The bipartisan bills — the latest in proposed anti-human trafficking measures — also would require proof that state Human Services workers have visited the foster homes they're assigned to and that the children were physically present at the time. The measures would also classify a foster child who has run away as a missing person.
"The point is to ensure that those with the greatest opportunity to become aware of human trafficking activities do not have a disincentive to report their suspicions," said Judy Emmons, chair of the Senate Families, Seniors and Human Services Committee. "Sadly, many times foster children go missing and no one is looking for them. This is because under current law they are not classified as a missing person."
Emmons, a Republican from Sheridan, and other sponsors of the bills are planning a statewide tour over the next several months.

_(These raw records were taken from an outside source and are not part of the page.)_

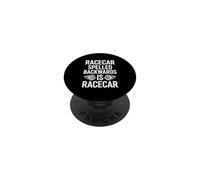 Funny Saying Racecar Spelled Backwards Racecar PopSockets Adhesive PopGrip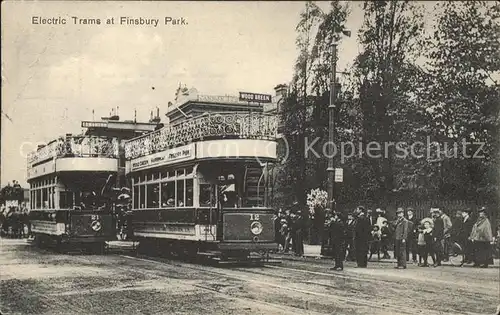 Finsbury Park Electric Trams (Strassenbahn) Kat. Islington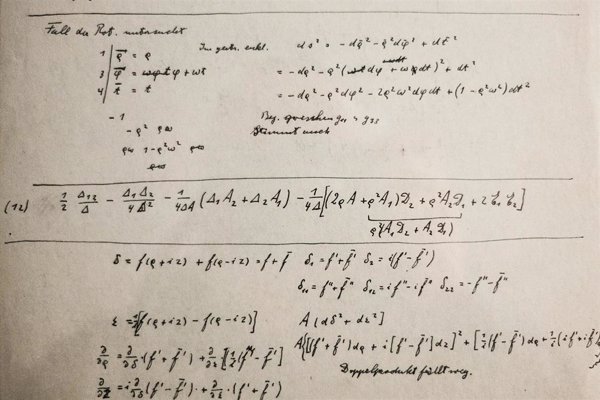 Reveladas más de 100 páginas de nuevos manuscritos de Einstein con reflexiones científicas y personales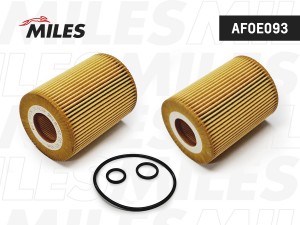 Фильтр масляный (вставка) CHRYSLER 300C 3.0D/MB W204/W211/W164/W251/SPRINTER 906 AFOE093 MILES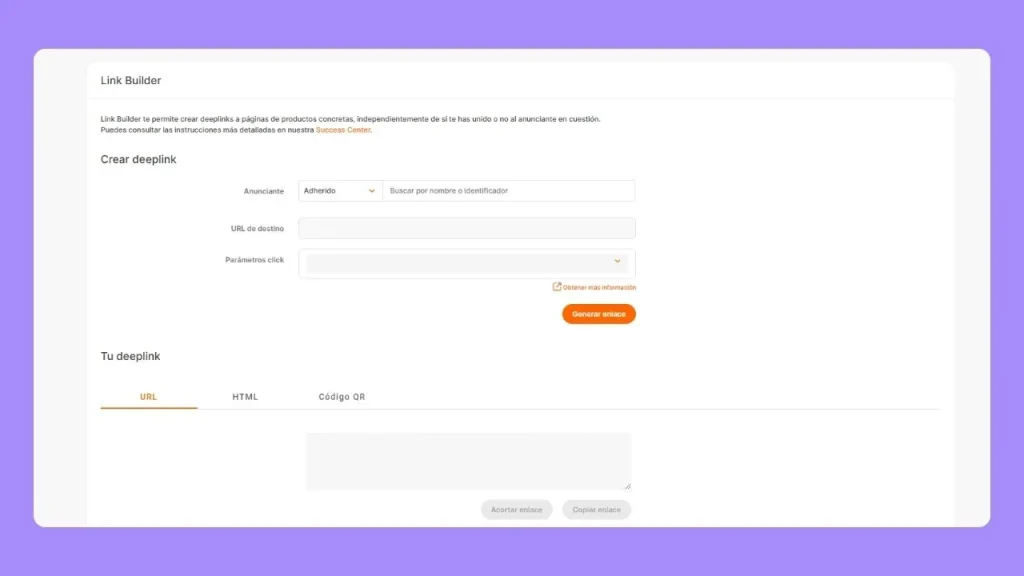 Crear enlaces de afiliados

In December, the Michigan House voted to give legal protection to teen prostitutes. That bill would require that when people under age 18 are charged with prostitution, it would be presumed they were coerced into it. They also would be subject to temporary protective custody, and police would have to immediately report a suspected human trafficking violation to state social workers.
That legislation is based on a recommendation from the state's first human trafficking commission to create a "safe harbor" provision for minors.
"When the commission was created our goal was to attack this horrible crime in the most aggressive and efficient manner possible," state Rep. Kurt Heise said Thursday in a release. "We are serious about attacking this problem, and we are committed to a victim-centered approach. This is about making Michigan safer and doing everything we can to save children and vulnerable adults."
Heise, a Republican from Plymouth, is chair of the House Criminal Justice Committee and co-chair of the Michigan Advisory Commission on Human Trafficking.